三沢基地に降り立ったユーロファイター・タイフーン戦闘機の1番機。ヘルメット姿の英空軍第2飛行隊長・エリオット中佐(左)が整備員と握手=22日午後6時53分(撮影・斉藤光政)

 航空自衛隊と英空軍との初の日英共同訓練「ガーディアン・ノース16」に参加する英空軍のユーロファイター・タイフーン戦闘機4機が22日夜、三沢基地に到着した。タイフーンと同基地のF2戦闘機4機程度、千歳基地(北海道)のF15戦闘機4機程度が24日から、三沢基地周辺の青森県太平洋側および日本海側の空域で、防空戦闘を中心とした共同訓練を行う。
 空自が、米国以外の国との共同訓練を国内で実施するのは初めて。タイフーンの日本飛来も初。
 当初は21日に到着予定だったが、悪天候のため22日に順延となった。4機は同日正午(日本時間)にマレーシアを出発。4、5回の空中給油を繰り返しながら午後6時半すぎ、暗がりの三沢基地の滑走路に着陸した。
 同基地の空自隊員約100人が参加した歓迎式典では、同基地司令の今城弘治空将補が「両者の隊員が戦術、技量を高め合える」とあいさつ。1番機パイロットを務めた英空軍第2飛行隊長のロジャー・G・エリオット中佐は「日本では素晴らしい体験ができ、より深い友情、友好を築いていけると確信している」と応じた。
 空自はタイフーンの到着場面と式典を報道関係者に公開。全国から二十数社約50人が参加し、関心の高さをうかがわせた。

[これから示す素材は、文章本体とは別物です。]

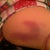 close up of one of my bruises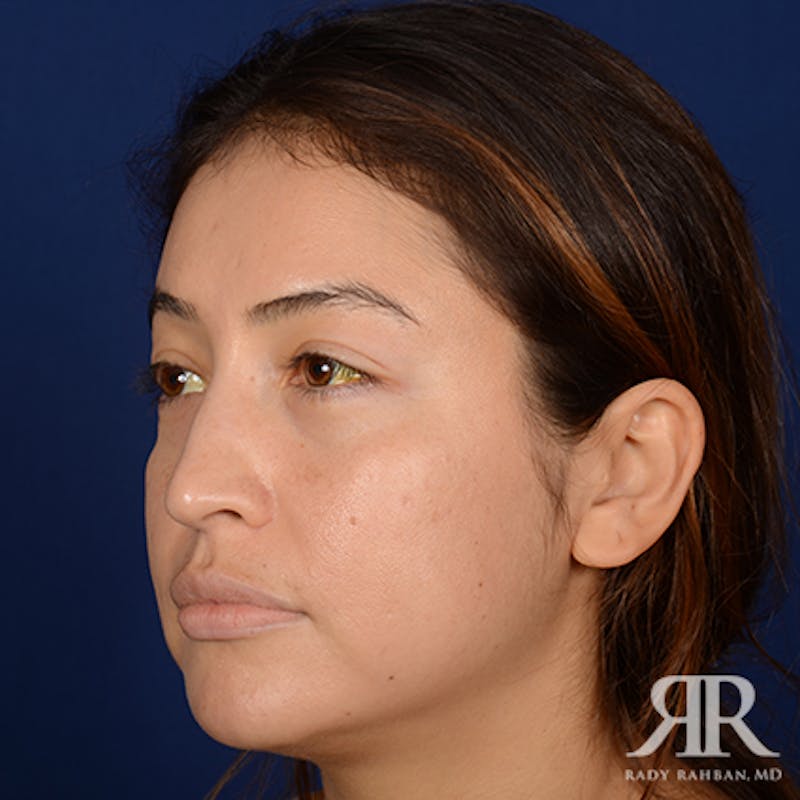 Ethnic Rhinoplasty Before & After Gallery - Patient 313095 - Image 3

 訓練では領空侵犯に対応する防空戦闘をはじめ、異機種格闘戦、対艦攻撃訓練などを行う。実弾は使用しない。タイフーン4機はいずれも11月5日に撤収する予定。
 英空軍はタイフーンを130機保有しており、このうち80機が実戦任務に就いている。三沢基地に到着した4機は、スコットランド・ロッシーマウス基地の第2飛行隊所属。アラブ首長国連邦(UAE)やインドを経て、マレーシアで軍事演習に参加していた。日本からの撤収後は韓国に向かう。

◇ユーロファイター・タイフーン戦闘機
 英国、ドイツ、イタリア、スペインが共同開発した新鋭戦闘機。2003年に運用を始め、これら4カ国に加えてオーストリア、サウジアラビアなど計6カ国で約400機が配備されている。最大速度マッハ2、航続距離約3千キロ。
 三角形のデルタ翼と機首部分にカナードと呼ばれる小さな前翼を備えた独特のスタイルが特徴で、加速や旋回など機動性に優れる多目的戦闘機とされる。
 主要開発社の英BAEシステムズは「(米国製でステルス性能が高いF22に次いで)世界で2番目に強い戦闘機」と呼び、日本のFX選定では米国製のF35と並んで有力候補の一つだった。